Top of Data shown

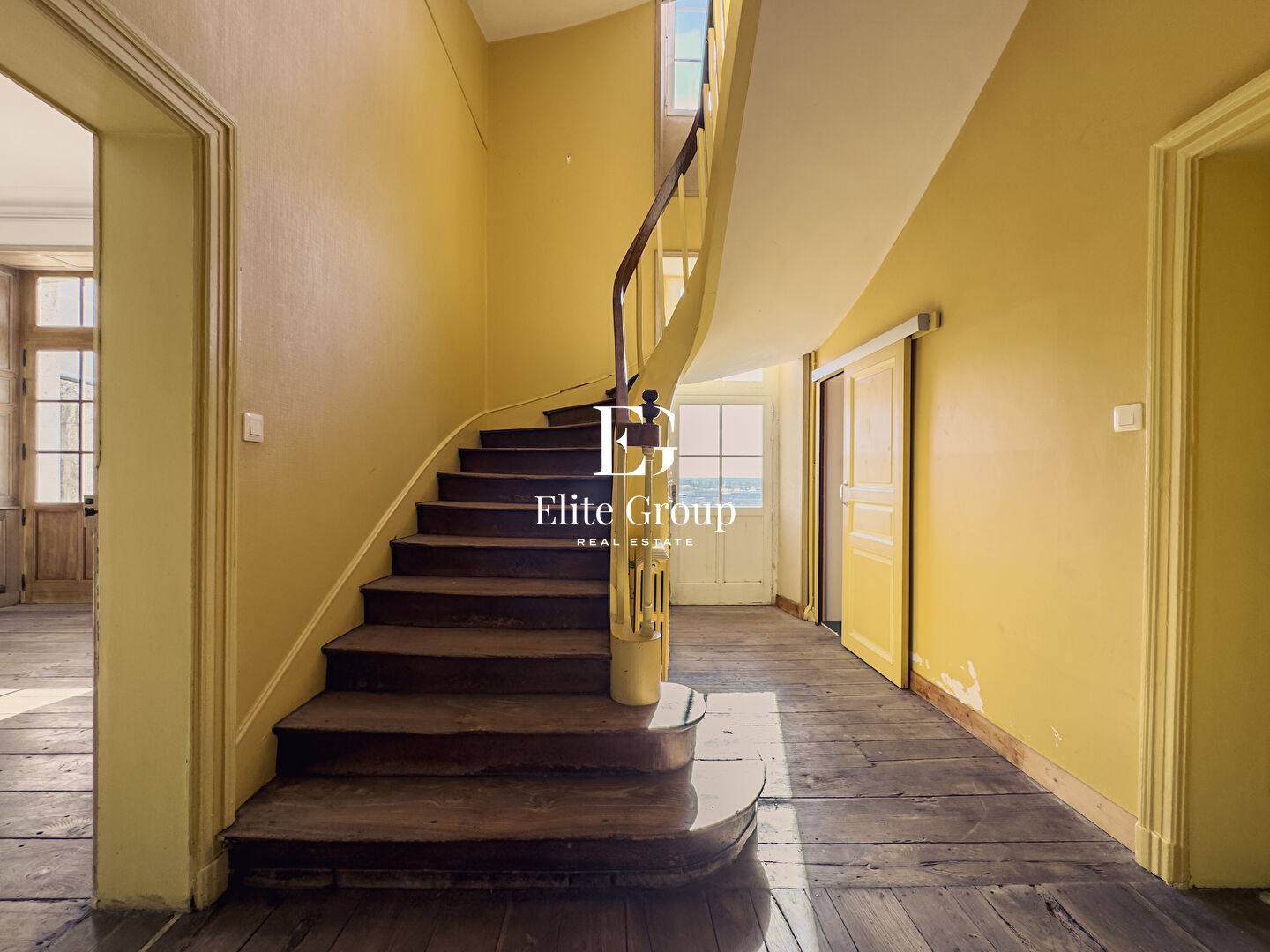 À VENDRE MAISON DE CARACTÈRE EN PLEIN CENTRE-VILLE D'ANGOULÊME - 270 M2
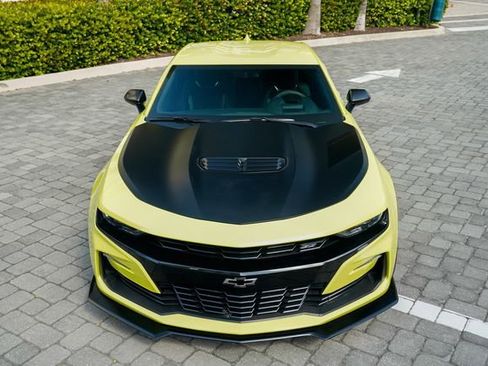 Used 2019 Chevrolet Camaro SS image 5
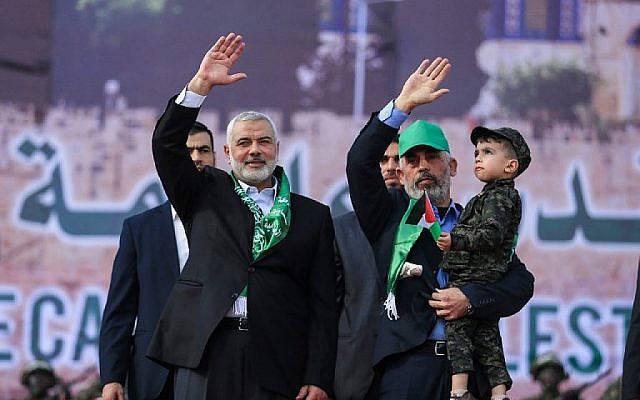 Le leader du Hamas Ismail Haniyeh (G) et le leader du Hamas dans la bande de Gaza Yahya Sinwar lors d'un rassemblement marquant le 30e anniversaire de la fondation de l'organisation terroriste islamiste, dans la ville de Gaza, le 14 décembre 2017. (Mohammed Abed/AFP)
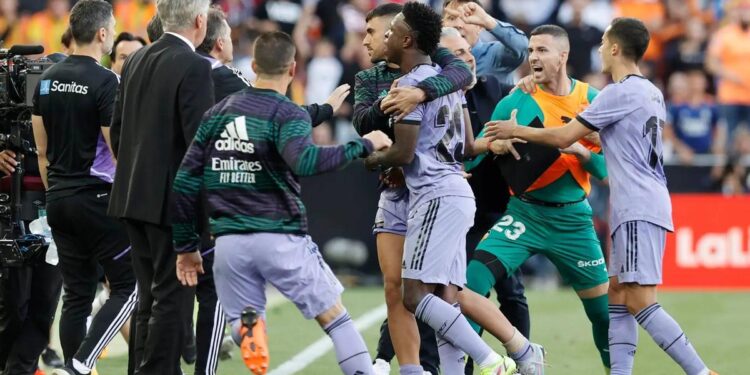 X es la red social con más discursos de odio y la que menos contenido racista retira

Bottom of Data shown

A verbatim copy of the material, pictures excluded, is what must be produced.

 À VENDRE MAISON DE CARACTÈRE EN PLEIN CENTRE-VILLE D'ANGOULÊME - 270 M2
 Used 2019 Chevrolet Camaro SS image 5
 Le leader du Hamas Ismail Haniyeh (G) et le leader du Hamas dans la bande de Gaza Yahya Sinwar lors d'un rassemblement marquant le 30e anniversaire de la fondation de l'organisation terroriste islamiste, dans la ville de Gaza, le 14 décembre 2017. (Mohammed Abed/AFP)
 X es la red social con más discursos de odio y la que menos contenido racista retira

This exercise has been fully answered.